- Exercise goal -
Before you write out the listing, remove the pictures; everything else stays exactly as it is.

- Given data -

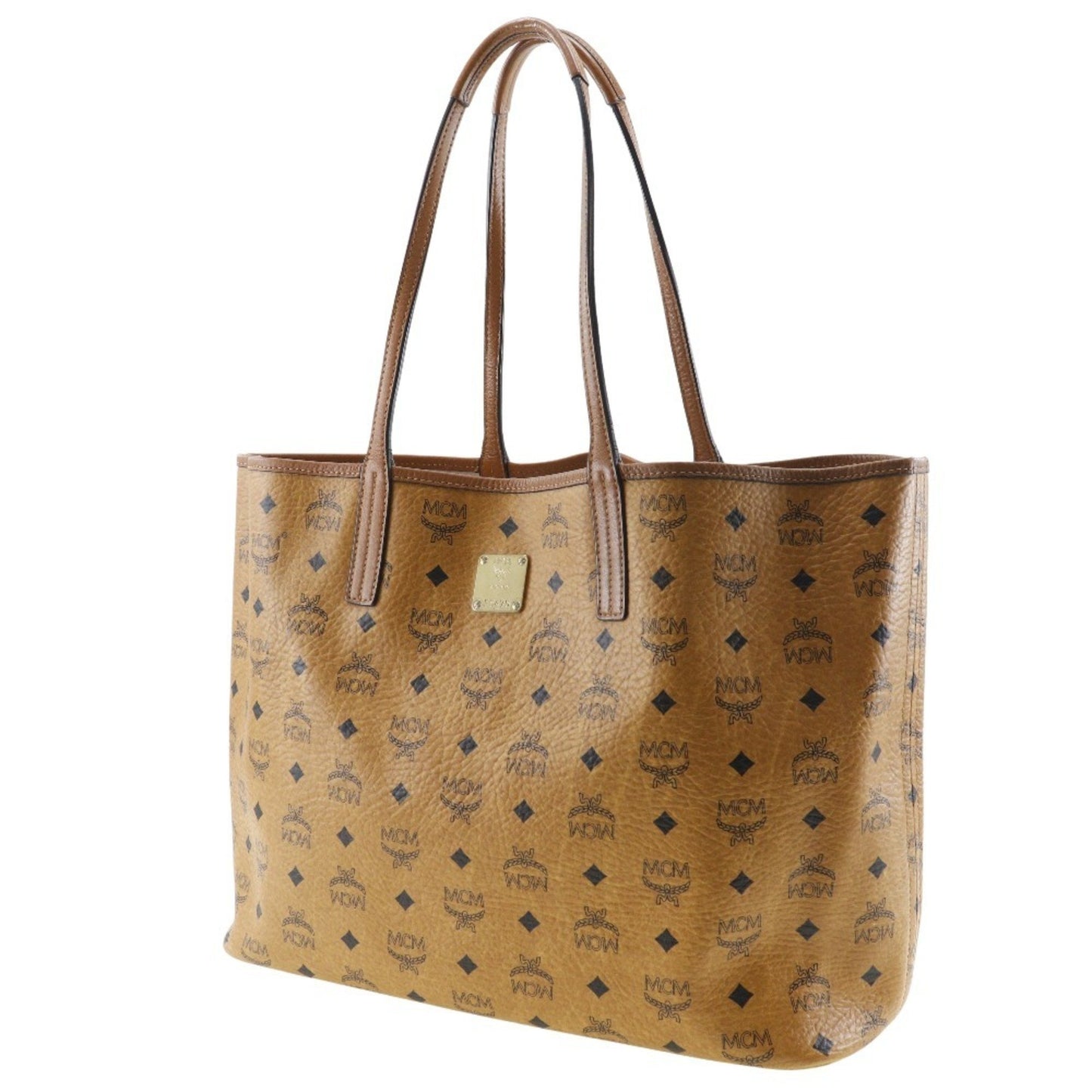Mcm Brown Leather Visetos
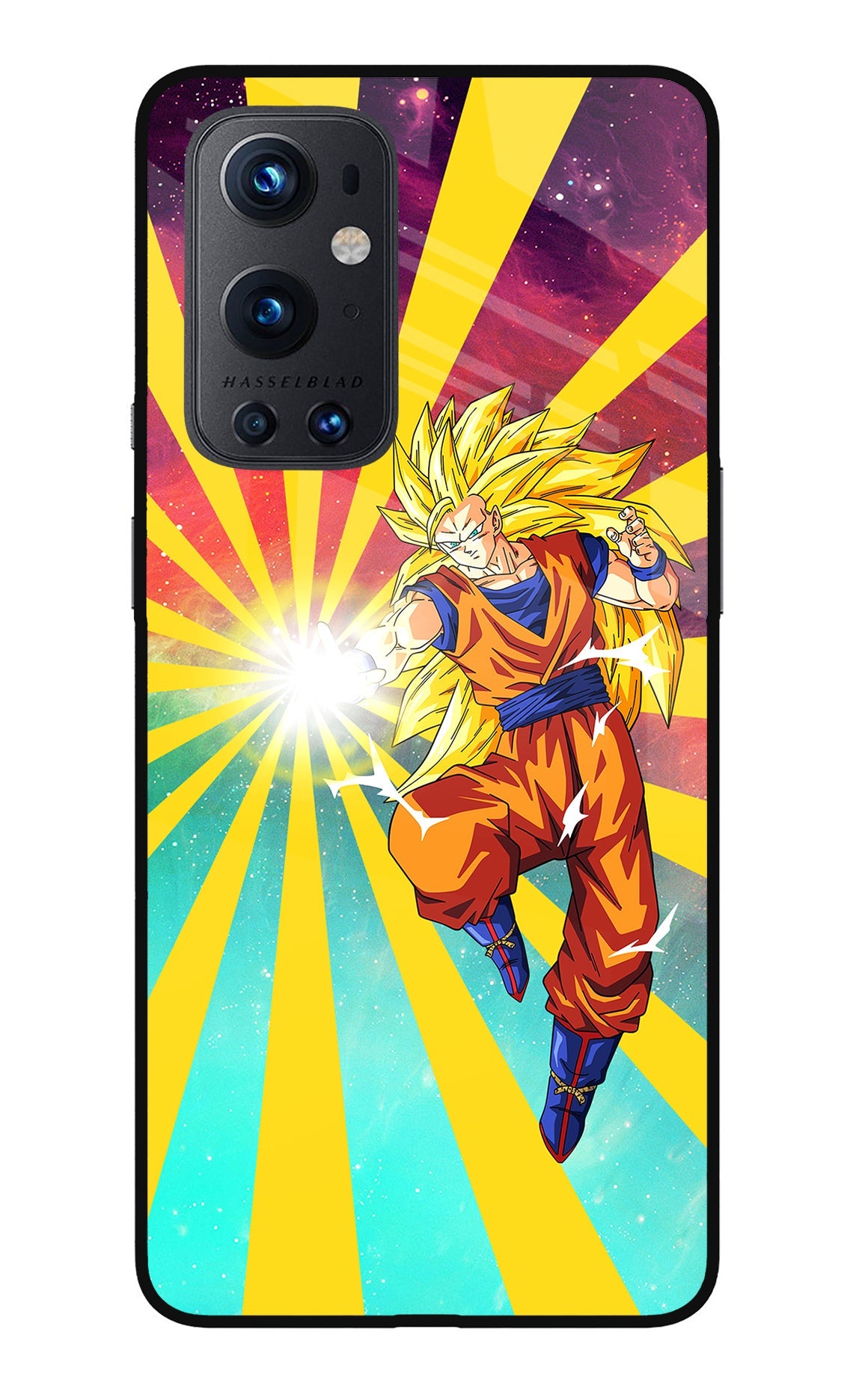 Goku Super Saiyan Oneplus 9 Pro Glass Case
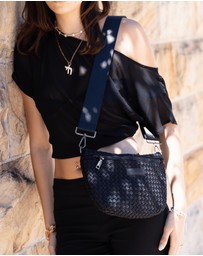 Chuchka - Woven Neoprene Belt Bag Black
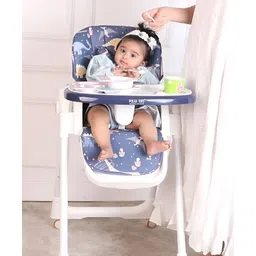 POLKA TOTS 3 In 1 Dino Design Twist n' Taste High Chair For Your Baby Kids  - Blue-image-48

- Exercise solution -
Mcm Brown Leather Visetos
 Goku Super Saiyan Oneplus 9 Pro Glass Case
 Chuchka - Woven Neoprene Belt Bag Black
 POLKA TOTS 3 In 1 Dino Design Twist n' Taste High Chair For Your Baby Kids  - Blue-image-48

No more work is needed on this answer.